Objectif: réduire la consommation excédentaire de protéines animales.

Les objectifs de développement durable ou SDG adoptés par l'ONU en 2015 comprennent le sous-objectif 2.2: "D’ici à 2030, mettre fin à toutes les formes de malnutrition, y compris en atteignant d’ici à 2025 les objectifs arrêtés à l’échelle internationale relatifs aux retards de croissance et à l’émaciation chez les enfants de moins de 5 ans, et répondre aux besoins nutritionnels des adolescentes, des femmes enceintes ou allaitantes et des personnes âgées".

La Vision fédérale à long terme sur le développement durable inclut l'objectif 28: "L’impact environnemental et social de nos modes de production et de consommation alimentaires sera considérablement réduit" (Moniteur belge, 08/10/2013). La consommation de viande augmente, en effet, le risque de maladies cardio-vasculaires et la probabilité de certains cancers (Conseil supérieur de la santé, 2013). De plus, la production de viande à un impact sur l'environnement, que ce soit, par exemple, en termes d'émissions de gaz à effets de serre ou de consommation d'eau (FAO, 2006).

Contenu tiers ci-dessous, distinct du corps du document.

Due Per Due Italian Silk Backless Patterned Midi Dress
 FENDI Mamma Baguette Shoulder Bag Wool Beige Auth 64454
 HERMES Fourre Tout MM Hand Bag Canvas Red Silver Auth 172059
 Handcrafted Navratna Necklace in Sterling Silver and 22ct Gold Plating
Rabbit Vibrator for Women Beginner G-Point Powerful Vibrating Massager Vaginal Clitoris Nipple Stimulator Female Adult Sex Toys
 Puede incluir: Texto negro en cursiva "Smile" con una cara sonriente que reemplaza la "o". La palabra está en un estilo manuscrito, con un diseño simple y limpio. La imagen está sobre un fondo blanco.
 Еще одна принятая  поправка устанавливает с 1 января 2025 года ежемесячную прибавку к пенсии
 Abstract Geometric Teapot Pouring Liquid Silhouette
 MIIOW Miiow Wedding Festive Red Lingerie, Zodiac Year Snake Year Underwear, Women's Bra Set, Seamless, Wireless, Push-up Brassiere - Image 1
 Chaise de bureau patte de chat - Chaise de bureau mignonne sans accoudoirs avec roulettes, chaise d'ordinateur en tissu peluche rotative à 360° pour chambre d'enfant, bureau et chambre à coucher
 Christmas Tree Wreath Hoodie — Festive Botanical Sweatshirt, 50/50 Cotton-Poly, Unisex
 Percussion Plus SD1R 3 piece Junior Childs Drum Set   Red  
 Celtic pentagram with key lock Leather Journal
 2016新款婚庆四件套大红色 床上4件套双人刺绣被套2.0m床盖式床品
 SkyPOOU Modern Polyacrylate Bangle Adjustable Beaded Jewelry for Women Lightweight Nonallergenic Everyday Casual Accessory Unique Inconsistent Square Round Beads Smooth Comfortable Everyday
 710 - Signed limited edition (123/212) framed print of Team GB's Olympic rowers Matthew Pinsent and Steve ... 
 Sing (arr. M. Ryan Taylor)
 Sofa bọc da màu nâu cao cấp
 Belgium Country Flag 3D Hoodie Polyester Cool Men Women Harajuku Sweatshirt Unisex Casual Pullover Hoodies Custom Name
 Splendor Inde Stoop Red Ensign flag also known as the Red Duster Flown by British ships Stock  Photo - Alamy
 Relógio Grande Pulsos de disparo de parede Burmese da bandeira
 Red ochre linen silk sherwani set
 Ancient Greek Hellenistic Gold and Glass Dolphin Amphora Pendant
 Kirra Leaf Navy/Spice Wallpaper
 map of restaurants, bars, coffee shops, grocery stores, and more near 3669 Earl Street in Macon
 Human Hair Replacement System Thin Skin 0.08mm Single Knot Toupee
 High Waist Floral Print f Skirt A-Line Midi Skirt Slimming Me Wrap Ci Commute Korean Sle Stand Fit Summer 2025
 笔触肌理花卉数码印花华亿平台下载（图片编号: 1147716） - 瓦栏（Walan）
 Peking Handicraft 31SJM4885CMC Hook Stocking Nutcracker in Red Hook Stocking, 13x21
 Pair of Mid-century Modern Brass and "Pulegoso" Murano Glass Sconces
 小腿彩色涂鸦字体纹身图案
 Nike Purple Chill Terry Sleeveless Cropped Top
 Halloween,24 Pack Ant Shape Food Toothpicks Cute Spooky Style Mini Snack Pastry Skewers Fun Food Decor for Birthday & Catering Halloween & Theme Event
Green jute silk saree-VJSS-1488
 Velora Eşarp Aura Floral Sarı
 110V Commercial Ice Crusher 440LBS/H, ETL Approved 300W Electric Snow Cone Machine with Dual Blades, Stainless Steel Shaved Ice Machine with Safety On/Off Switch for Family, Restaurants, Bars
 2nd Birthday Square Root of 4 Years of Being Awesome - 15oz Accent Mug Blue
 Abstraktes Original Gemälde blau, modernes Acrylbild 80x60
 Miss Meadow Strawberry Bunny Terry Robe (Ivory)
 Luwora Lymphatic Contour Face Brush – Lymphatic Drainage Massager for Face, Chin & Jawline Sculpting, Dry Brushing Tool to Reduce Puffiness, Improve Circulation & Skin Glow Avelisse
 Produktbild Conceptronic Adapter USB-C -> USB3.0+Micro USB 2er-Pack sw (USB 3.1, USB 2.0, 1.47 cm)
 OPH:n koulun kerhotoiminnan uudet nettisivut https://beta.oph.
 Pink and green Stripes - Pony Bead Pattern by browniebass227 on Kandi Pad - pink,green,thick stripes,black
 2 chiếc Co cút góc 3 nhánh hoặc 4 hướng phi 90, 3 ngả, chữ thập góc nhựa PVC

Évolution: la consommation apparente de viande diminue régulièrement en passant de 274 g/jour/habitant en 2005 à 201 g/jour/habitant en 2016. Elle augmente ensuite légèrement pour atteindre 206 g/habitant/jour en 2018 et 2019.

Comparaison internationale: la consommation apparente de viande dans l'UE27 est restée stable entre 2005 et 2018, même s'il y a une légère tendance à la hausse depuis 2015, alors que sur la même période cette consommation a diminué en Belgique. En termes absolus la Belgique consomme, par contre, plus que l'UE27: respectivement 206 et 195 g/jour/habitant en 2018.

Ventilation selon la Région: ne peut pas être présentée car des données comparables ne sont actuellement pas disponibles.

Indicateur ONU: l’indicateur choisi ne correspond à aucun indicateur de suivi des SDG, mais est relié au sous-objectif 2.2 car la consommation trop élevée de viande est une facette de la malnutrition.